IRPE: About the shape of Wq,Wk,Wv’

microsoft / Cream

This is a collection of our NAS and Vision Transformer work.

MIT License

1.66k stars 225 forks source link

IRPE: About the shape of Wq,Wk,Wv’ #229

Closed Zhong1015 closed 6 months ago

Zhong1015 commented 6 months ago

@wkcn Hello, your work is inspiring. Recently, while looking at Figure 1, I had a bit of confusion. You have noted '1x1' after Wq, Wk, Wv, which makes me think you are using weight matrices of size 1x1. However, this contradicts my previous understanding. Another interpretation I have is: 1x1 indicates the need to first reduce the dimensionality of x, and then pass through the Wq, Wk, and Wv matrices. I would like to know if my understanding of this part is correct. 屏幕截图 2024-03-19 202425

wkcn commented 6 months ago

Hi @Zhong1015 , the shape of Wq, Wk and Wv are all (dim, dim). We annotated 1x1 which represents a 1x1 operation on 2-D space, where each token is projected independently.

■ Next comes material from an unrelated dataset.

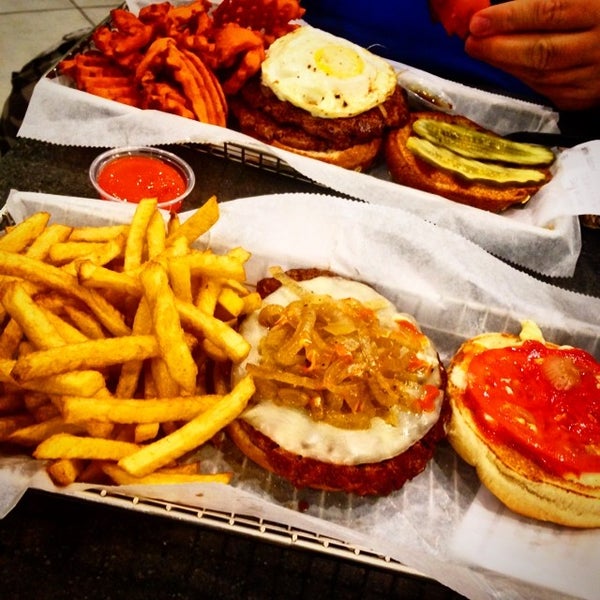 7/21/2014 tarihinde Stephen D.ziyaretçi tarafından Burger Boss'de çekilen fotoğraf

We referred to the figure 2 of non-local neural network (https://arxiv.org/pdf/1711.07971.pdf).

Zhong1015 commented 6 months ago

Thank you for your reply! I think this can help me a lot!

Zhong1015 commented 6 months ago

Hi @Zhong1015 , the shape of Wq, Wk and Wv are all (dim, dim). We annotated 1x1 which represents a 1x1 operation on 2-D space, where each token is projected independently.

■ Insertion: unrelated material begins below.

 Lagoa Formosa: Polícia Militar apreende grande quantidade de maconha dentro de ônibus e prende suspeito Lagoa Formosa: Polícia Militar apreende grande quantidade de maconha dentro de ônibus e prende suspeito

We referred to the figure 2 of non-local neural network (https://arxiv.org/pdf/1711.07971.pdf).

I read the paper you provided. They mentioned in the paper that 1x1 convolution is used for dimensionality reduction. However, when using IRPE, in practice, according to the initial operations of the transformer, the input needs to undergo a linear transformation to obtain QKV (Query, Key, Value). Is this linear transformation operation actually performed in Figure 1, although it is not specifically indicated on the figure?

wkcn commented 6 months ago

@Zhong1015

Is this linear transformation operation actually performed in Figure 1?

Yes. The linear transformation is the same as that in self-attention.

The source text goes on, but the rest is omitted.